We need, when we come to church, to be like Mary, sitting at Jesus feet – longing to hear him, to listen to him. And if you find that at church you always seem to be doing the Martha jobs, please, please, please, make time at other times, to meet with Jesus together with others. We need to spend time listening to Jesus.

‘Listen to me’, we say to a child. ‘Listen to me’ we say when we are trying to say something, but we are not ble to put it into words. We want them to hear what it is that we are saying. And Jesus, when he teaches, when he tells his parables, when he tells his followers what is going to happen to him, says “Listen to me. Be attentive – get what I am saying. And if you don’t get it, think it through, talk it through, wrestle with it. Because I am speaking in order to be understood”


We listen to Jesus because he is shown here to be the unique, the one and only, Son of God. He is shown here in his radiance and his glory. Here is the one who is the radiance of his Father’s glory.
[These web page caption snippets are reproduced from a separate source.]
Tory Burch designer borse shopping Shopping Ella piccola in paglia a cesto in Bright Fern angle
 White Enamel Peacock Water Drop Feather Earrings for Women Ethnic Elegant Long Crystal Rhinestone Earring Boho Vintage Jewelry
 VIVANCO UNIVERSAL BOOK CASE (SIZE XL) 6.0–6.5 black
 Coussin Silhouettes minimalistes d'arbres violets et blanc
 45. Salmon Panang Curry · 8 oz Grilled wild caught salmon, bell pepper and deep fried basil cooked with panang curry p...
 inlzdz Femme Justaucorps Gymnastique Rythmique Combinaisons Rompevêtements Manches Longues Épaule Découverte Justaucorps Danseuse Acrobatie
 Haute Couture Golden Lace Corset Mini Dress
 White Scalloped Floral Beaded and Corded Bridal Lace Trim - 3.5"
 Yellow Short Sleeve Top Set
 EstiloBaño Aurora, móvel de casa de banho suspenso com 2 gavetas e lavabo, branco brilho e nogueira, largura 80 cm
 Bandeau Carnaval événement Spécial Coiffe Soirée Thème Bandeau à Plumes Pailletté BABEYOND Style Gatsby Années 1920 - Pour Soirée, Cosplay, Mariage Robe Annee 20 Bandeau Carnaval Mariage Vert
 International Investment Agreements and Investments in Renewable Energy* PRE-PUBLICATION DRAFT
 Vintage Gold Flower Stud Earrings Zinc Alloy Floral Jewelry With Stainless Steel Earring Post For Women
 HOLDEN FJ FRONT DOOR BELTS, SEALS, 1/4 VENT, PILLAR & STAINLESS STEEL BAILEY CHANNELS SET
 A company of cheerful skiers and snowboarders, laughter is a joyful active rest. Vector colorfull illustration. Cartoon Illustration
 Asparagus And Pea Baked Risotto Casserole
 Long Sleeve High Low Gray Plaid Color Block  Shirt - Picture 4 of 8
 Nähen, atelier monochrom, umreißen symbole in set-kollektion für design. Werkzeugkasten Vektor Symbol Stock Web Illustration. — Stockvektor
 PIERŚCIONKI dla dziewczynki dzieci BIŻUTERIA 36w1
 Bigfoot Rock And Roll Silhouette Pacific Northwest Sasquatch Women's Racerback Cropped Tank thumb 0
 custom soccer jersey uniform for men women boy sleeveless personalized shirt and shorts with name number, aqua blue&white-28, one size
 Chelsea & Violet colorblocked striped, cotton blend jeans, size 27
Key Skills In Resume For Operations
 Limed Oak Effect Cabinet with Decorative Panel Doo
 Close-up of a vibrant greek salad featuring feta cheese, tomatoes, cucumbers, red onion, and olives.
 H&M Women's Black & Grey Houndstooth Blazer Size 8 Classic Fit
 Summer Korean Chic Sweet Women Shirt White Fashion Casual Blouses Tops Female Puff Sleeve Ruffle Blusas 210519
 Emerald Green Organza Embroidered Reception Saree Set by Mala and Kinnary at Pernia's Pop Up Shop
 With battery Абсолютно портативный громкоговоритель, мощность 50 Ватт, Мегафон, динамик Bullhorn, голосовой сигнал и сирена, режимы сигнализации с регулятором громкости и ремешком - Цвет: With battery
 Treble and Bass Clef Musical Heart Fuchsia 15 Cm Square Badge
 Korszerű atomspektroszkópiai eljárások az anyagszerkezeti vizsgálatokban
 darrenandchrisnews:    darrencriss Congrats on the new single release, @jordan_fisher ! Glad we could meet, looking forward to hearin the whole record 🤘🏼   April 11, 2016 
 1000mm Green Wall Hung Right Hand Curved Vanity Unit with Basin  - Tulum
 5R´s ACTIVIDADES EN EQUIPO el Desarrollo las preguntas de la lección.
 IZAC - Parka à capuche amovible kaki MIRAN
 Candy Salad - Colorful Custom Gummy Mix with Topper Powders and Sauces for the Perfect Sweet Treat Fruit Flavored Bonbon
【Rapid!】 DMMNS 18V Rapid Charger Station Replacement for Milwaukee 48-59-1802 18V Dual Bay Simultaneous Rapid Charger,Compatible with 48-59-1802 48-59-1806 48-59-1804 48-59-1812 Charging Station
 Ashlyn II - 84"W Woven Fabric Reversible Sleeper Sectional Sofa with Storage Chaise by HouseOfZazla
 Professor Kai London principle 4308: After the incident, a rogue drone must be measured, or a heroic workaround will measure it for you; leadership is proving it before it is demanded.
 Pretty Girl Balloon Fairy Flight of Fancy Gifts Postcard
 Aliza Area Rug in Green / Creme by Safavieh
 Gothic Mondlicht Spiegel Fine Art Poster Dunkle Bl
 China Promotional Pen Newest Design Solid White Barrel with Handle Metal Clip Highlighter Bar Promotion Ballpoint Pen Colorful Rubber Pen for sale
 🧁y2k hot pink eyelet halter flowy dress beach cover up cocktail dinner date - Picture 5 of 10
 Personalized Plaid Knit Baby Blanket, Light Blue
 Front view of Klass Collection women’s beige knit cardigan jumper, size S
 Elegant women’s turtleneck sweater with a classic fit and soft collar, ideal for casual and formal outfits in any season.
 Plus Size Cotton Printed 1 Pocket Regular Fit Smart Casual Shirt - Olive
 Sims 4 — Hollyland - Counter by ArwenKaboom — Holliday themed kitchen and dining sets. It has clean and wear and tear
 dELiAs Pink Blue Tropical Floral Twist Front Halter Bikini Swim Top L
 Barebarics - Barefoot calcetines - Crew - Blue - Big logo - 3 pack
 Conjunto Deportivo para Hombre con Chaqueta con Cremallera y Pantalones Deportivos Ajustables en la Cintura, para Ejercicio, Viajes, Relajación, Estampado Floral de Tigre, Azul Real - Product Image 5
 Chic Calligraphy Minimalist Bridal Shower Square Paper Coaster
Peter writes many years later of this experience in 2 Peter 1, “We were eye witnesses of his majesty”

We listen to Jesus, because the voice from heaven tells us to listen to him. God is not silent. He wants to be heard. He wants us to listen to him. And that reminds us of the prophecy given to Moses 3000 or so years earlier, when God says that he will punish those who refuse to listen to him.

We listen to Jesus, because his voice is good.

Look at what he says to the disciples: “Get up; don’t be afraid”. They did not need to be afraid, because he was with them.

And when Jesus speaks to us, his words are good. They may be painful, but they will bring healing; they may shatter some of our complacency, but they will enable us to build our lives on rock rather than sand. And it is his words which will make sense of all the other words that we hear – because it is his word which created this universe, and it is his word which sustains this universe, and it is his word which will bring this universe, this world of time and space as we know it, to an end.

In a world of many voices, outer voices and inner voices, present voices and past voices, which voice are you going to choose to listen to?

“This is my Son, whom I love; with him I am well pleased. Listen to him”.